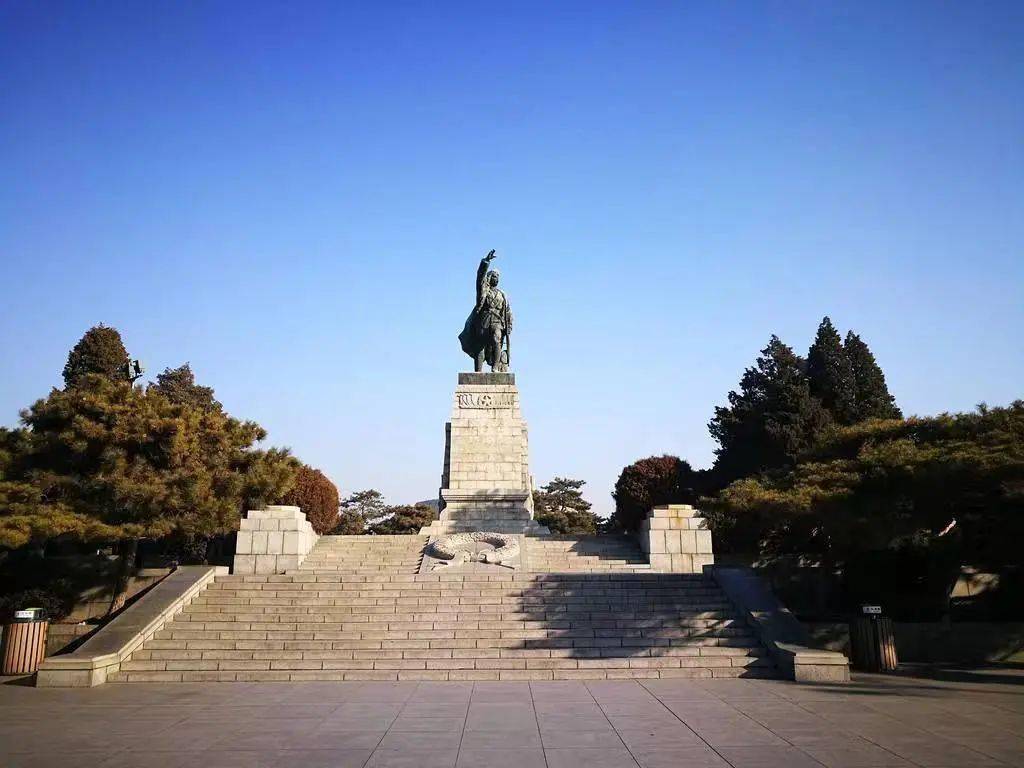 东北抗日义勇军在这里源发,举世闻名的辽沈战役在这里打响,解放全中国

---

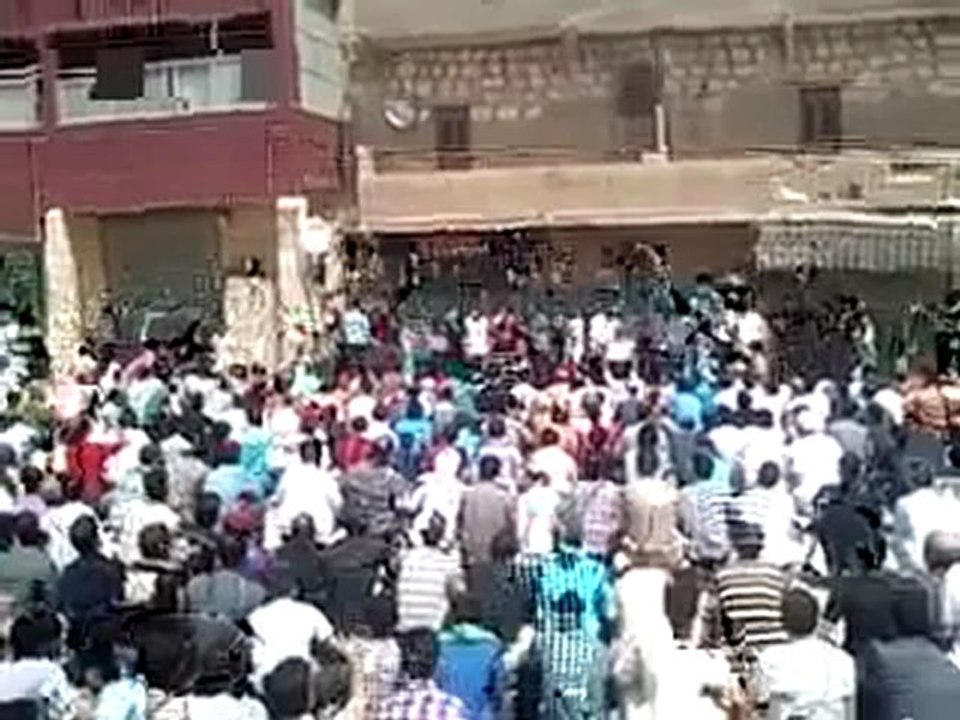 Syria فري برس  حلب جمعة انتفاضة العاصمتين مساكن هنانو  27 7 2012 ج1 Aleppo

---

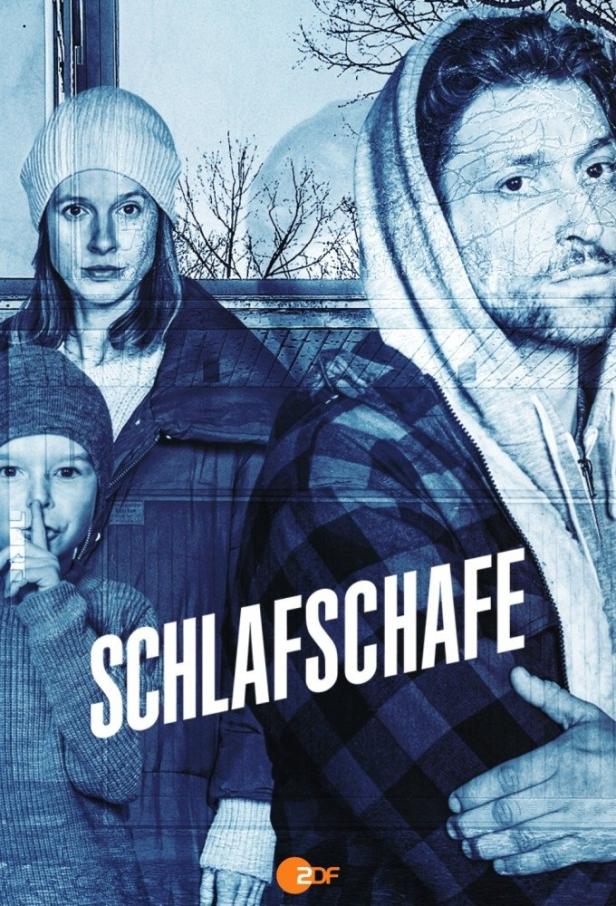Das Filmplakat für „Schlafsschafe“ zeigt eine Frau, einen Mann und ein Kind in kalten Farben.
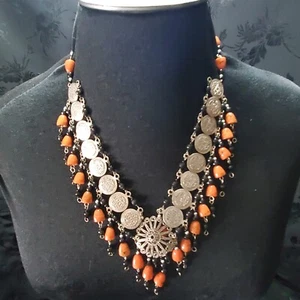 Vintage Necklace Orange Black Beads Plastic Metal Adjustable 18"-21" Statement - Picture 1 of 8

_Required work_
Copy exactly the lines of the listing above between the one holding "Das Filmplakat für" and the one holding "Vintage Necklace Orange", inclusive; omit all pictures.

_Solution for this problem_
Das Filmplakat für „Schlafsschafe“ zeigt eine Frau, einen Mann und ein Kind in kalten Farben.
 Vintage Necklace Orange Black Beads Plastic Metal Adjustable 18"-21" Statement - Picture 1 of 8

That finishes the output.